-- WORK REQUIRED --
Repeat the data exactly, so that every line matches the original.

-- COLLECTED MATERIAL --
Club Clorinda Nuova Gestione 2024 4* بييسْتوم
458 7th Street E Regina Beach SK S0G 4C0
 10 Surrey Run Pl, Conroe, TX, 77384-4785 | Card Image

-- SOLUTION TO THIS PROBLEM --
Club Clorinda Nuova Gestione 2024 4* بييسْتوم
458 7th Street E Regina Beach SK S0G 4C0
 10 Surrey Run Pl, Conroe, TX, 77384-4785 | Card Image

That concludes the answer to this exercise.